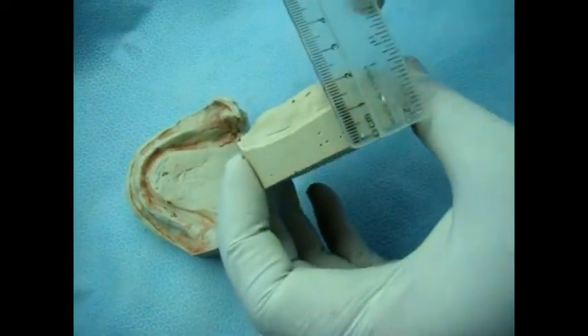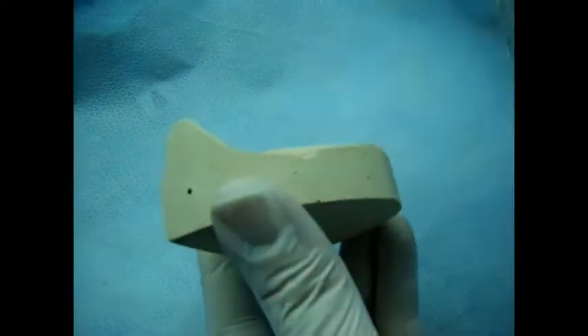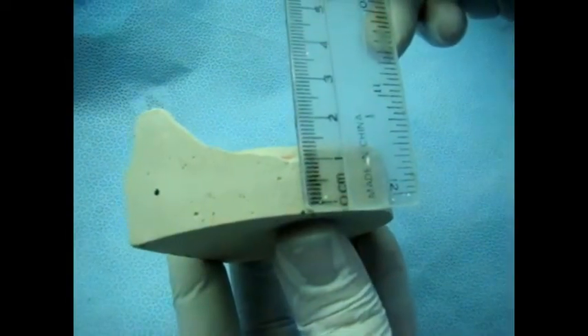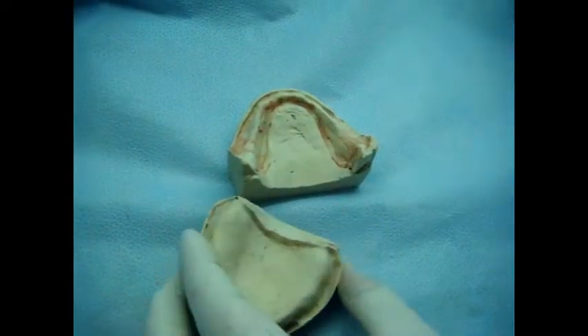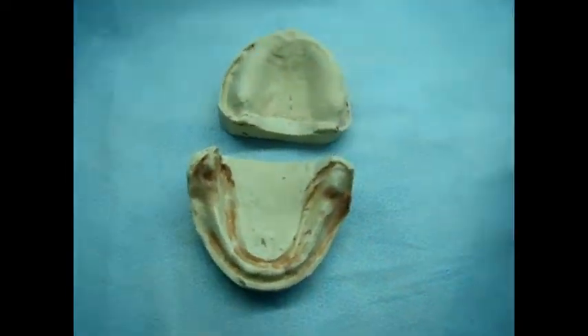These are the finished casts. The sides of the cast are vertical. The base thickness should be at least 15 millimeters, and 10 millimeters in the thinnest area. The tongue space on the lower cast must be flat, sides must be vertical, and the least thickness of the base is 10 millimeters. The sulcus is preserved and the surface of the cast is free of voids or bubbles, representing the anatomy of the impression.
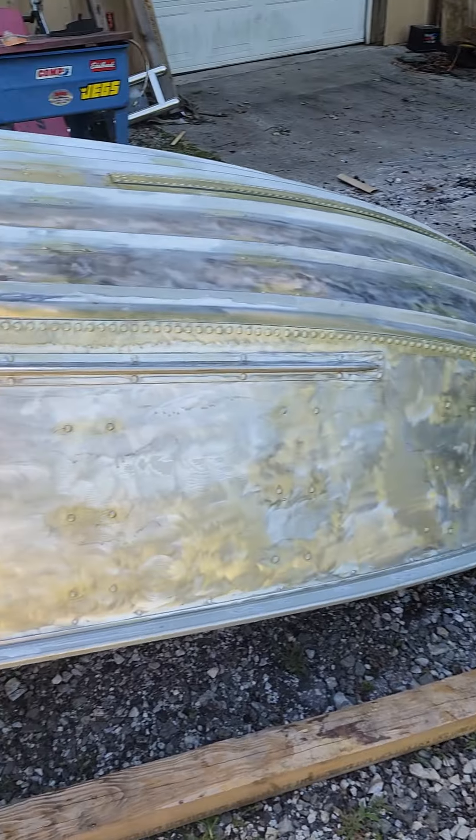All right, been redoing my John Boat — 17-foot aluminum John Boat. Grinded it all down, wiped it all down with acetone.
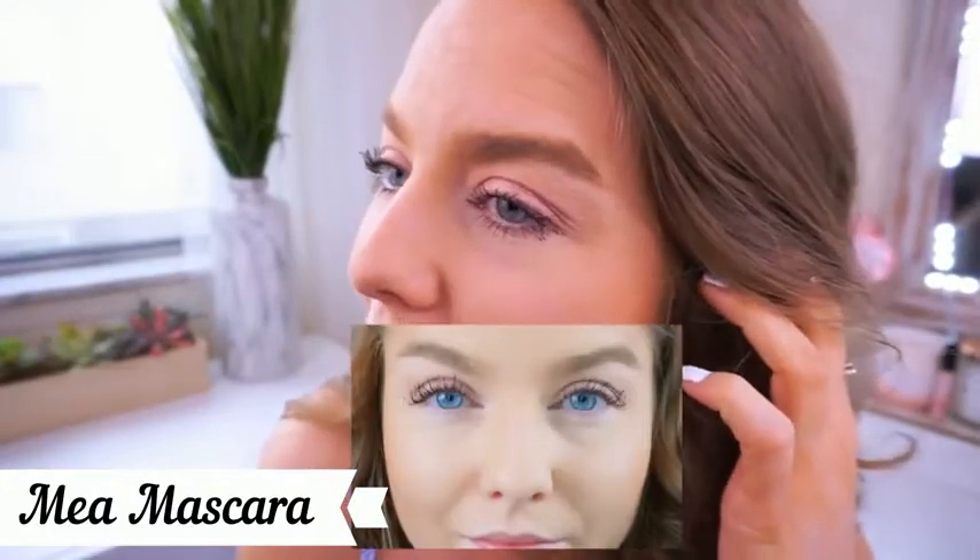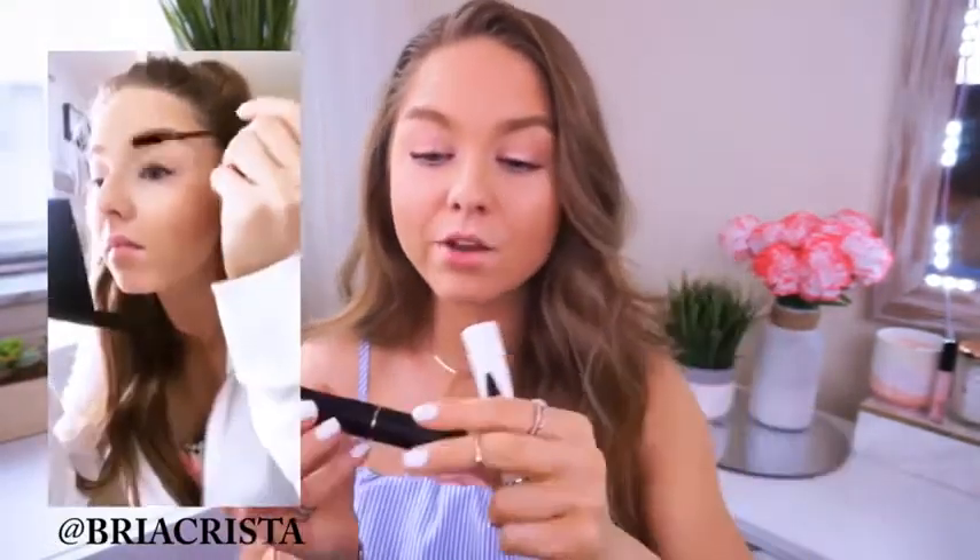Do they not look fake? It is a set. You first put on this enhancing gel which is step 1 and step number 3. Then step number 2 are these 3D fibers and then you go back over it — step 3 with the enhancing gel — and holy guacamole guys. I never thought I would ever be able to achieve this with mascara.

- [WHAT THE TASK ASKS]:
Please reproduce only the lines from the one holding "All right, been" through the final line of the listing above, both included, with each picture left out.

- [ANSWER AREA]:
All right, been redoing my John Boat — 17-foot aluminum John Boat. Grinded it all down, wiped it all down with acetone.
Do they not look fake? It is a set. You first put on this enhancing gel which is step 1 and step number 3. Then step number 2 are these 3D fibers and then you go back over it — step 3 with the enhancing gel — and holy guacamole guys. I never thought I would ever be able to achieve this with mascara.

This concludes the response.